Regulatory Accountability Act; Image Courtesy of Irregular Times,

Many can agree that food safety should be a top priority for lawmakers and food companies alike. After all, proper food safety protocols are what keep consumers safe from foodborne illnesses like salmonella and E. coli. Unfortunately, some legislators in Congress are proposing an “unrelenting gauntlet of regulatory obstacles” for all new food safety rules, known as the Regulatory Accountability Act. The Regulatory Accountability Act has already passed the House, and will “require endless studies of potential agency alternatives and subject new rules to layers upon layers of judicial review and congressional approval.” Now that it’s been approved in the House, the Senate is working on drafting up its own version. This is bad news for consumers and food safety advocates across the country.

So what exactly would legislation like the Regulatory Accountability Act mean for food safety in the U.S. if it’s passed? According to Food Safety News, before new safety rules can be adopted, “agencies such as the U.S. Food and Drug Administration and U.S. Department of Agriculture would first have to consider an endless array of regulatory options.” After that, proposed rules would have to “withstand two layers of review by judges newly charged to second-guess agency experts” before having to be approved by BOTH the Senate and the House. With so many obstacles, many worry that very few, if any, new food safety rules will ever pass. Because of this, some have begun referring to the legislation as the “Filthy Food Bill.”

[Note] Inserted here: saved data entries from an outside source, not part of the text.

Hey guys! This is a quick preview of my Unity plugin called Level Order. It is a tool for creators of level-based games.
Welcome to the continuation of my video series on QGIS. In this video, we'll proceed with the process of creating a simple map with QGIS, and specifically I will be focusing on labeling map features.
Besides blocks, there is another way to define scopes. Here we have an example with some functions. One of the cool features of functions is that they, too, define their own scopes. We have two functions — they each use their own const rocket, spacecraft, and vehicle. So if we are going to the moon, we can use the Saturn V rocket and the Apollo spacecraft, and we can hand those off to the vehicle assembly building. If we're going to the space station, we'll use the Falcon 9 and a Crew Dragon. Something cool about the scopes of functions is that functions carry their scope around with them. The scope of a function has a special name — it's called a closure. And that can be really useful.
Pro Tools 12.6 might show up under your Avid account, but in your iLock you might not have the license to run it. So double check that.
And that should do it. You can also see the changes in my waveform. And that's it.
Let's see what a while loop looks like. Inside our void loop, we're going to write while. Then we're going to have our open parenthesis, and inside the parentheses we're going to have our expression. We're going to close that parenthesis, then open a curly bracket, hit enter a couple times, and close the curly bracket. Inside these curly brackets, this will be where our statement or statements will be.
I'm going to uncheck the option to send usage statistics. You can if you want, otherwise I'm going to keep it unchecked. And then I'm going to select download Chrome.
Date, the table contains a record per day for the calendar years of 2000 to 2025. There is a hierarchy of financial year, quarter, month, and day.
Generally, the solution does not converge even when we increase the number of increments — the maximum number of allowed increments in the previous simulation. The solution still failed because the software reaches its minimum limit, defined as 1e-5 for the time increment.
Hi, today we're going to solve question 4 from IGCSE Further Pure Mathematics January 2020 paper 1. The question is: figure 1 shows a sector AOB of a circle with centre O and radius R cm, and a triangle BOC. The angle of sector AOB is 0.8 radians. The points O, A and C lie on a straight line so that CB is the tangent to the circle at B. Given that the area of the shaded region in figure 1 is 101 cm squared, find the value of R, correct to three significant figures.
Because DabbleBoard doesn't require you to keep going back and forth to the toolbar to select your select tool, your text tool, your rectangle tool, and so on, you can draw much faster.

Food Safety; Image Courtesy of Square Meals,

Wondering why consumers should be alarmed over the “Filthy Food Bill?” Well, for those unaware, many of the food safety rules we have in place today have “saved thousands of lives and prevented millions of illnesses.” All you have to do is look at examples mentioned by Food Safety News to realize how important food safety rules are. One of these examples mentions how the USDA issued a rule to “ban the sale of hamburgers contaminated” with E. coli bacteria after four children died from consuming the pathogen. Rules like this one keep consumers safe and save lives, but if the Regulatory Accountability Act or other laws like it are allowed to pass, life-saving laws like the one issued by the USDA might be a thing of the past.

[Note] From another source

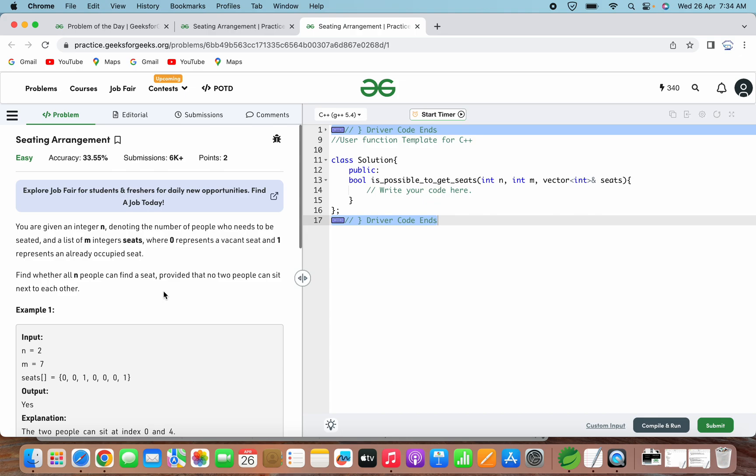In other words, the function needs to determine whether there are n empty seats available in the list where no two empty seats are adjacent to each other. The function should return a boolean value of true if such a configuration is possible and false otherwise.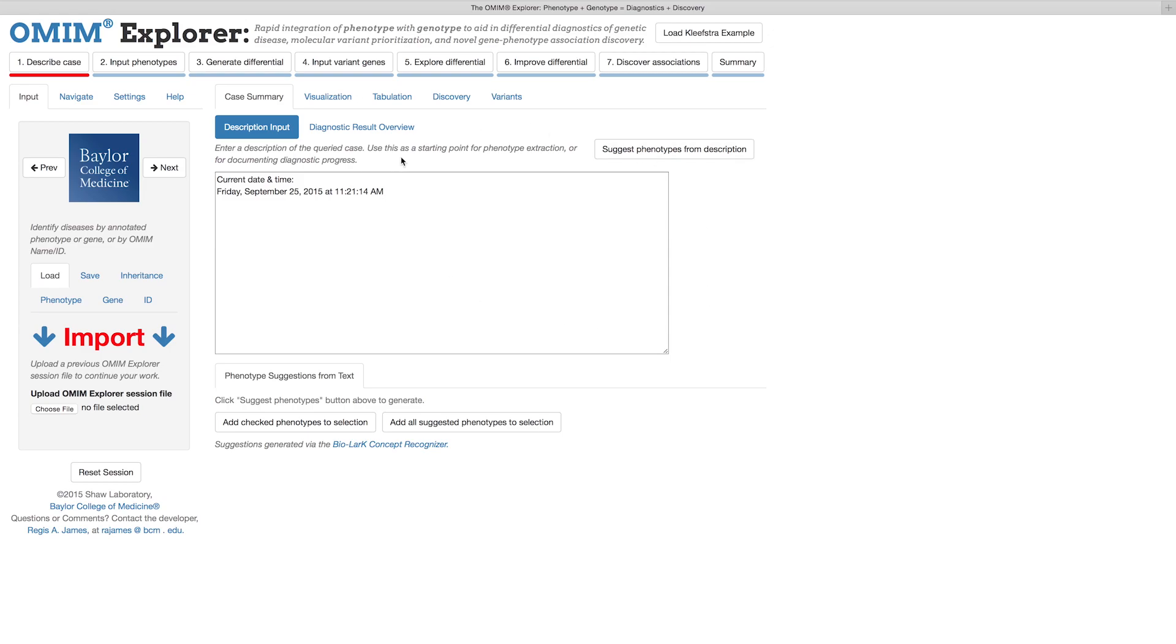A fourth panel, located to the right, is only visible when phenotypes are input, and is called the Heads-Up Phenotype Query Display.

Laws like the Regulatory Accountability Act aren’t progress. Instead, they take us backward where we shouldn’t be, especially considering the fact that “unsafe food continues to kill 3,000 Americans every year and send 128,000 to hospitals.” With so many food-related deaths and illnesses each year still occurring, now is not the time to be passing laws that will make our food less safe and more prone to contamination.